Cornwall Council (25 005 007)
Category : Environment and regulation > Refuse and recycling
Decision : Closed after initial enquiries
Decision date : 16 Jul 2025
The Ombudsman's final decision:
Summary: We will not investigate this complaint that the Council will not allow the complainant to use a bin for her rubbish. This is because there is insufficient evidence of fault by the Council.
The complaint
- The complainant, Ms X, complains the Council will not let her use a wheelie bin rather than a sack for her rubbish. She wants the Council to allocate a bin.
The Ombudsman’s role and powers
- We investigate complaints about ‘maladministration’ and ‘service failure’, which we call ‘fault’. We must also consider whether any fault has had an adverse impact on the person making the complaint, which we call ‘injustice’. We provide a free service, but must use public money carefully. We do not start an investigation if we decide there is not enough evidence of fault to justify investigating. (Local Government Act 1974, section 24A(6), as amended, section 34(B))
How I considered this complaint
- I considered information provided by Ms X and the Council. This includes the complaint correspondence. I also considered information on the Council’s website and our Assessment Code.
My assessment
- The Council issues a sack, rather than bins, to properties that cannot store a bin or where there are steps between the collection point and the property.
- Ms X used to use a bin. Under the current/new system the Council has issued her with a sack because there are steps between the place she must present her bins and the collection point on the road. The crew must climb about six steps to retrieve the waste and return it the van.
- Ms X lives a short distance from the presentation point. There are no steps between the presentation point and her home, but she has to drag the bag along the path which is difficult. Ms X wants the Council to issue a bin or allow her to present the waste at a different location where there are no steps.
- The Council reviewed and confirmed its decision is correct due to the steps. It said that bumping a bin down the steps could cause damage and the crew are not allowed to lift rubbish from bins, for health and safety reasons, which would be necessary if Ms X left a bin at the top of the steps.

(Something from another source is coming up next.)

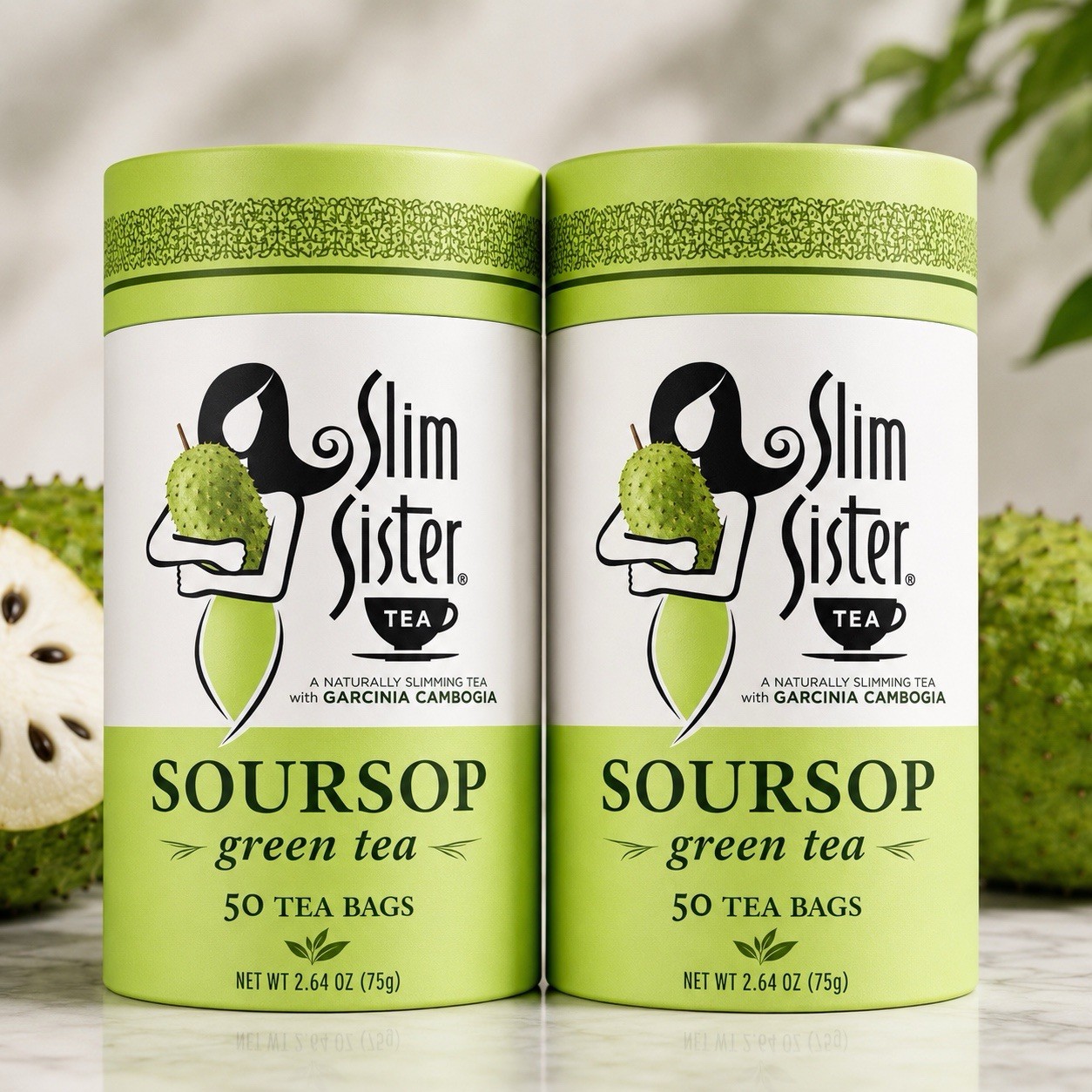 SLIM SISTER TEA SOURSOP GREEN TEA w GARCINIA CAMBOGIA~100 Tea Bags~Exp 11/28 (2)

- I asked the Council about Ms X’s suggestion that she could take a bin to a different part of the street where there are no steps. The Council said it requires people to leave the waste as close as possible to the boundary so officers can identify the source of the waste in cases of misuse or fly-tipping. The Council said it must apply the policy consistently and said it would investigate properties which Ms X said had been issued with a bin contrary to the policy. The Council also said that Ms X had not reported any mobility problems.
- I can understand why Ms X would like a bin as her home is not adjacent to the presentation point. However, the Council’s decision is consistent with the policy so there is no reason to start an investigation. We are not an appeal body and we cannot intervene simply because a council makes a decision that someone disagrees with. I can only consider if the Council applied the policy correctly and I have not identified any suggestion of fault.
Final decision
- We will not investigate this complaint because there is insufficient evidence of fault by the Council.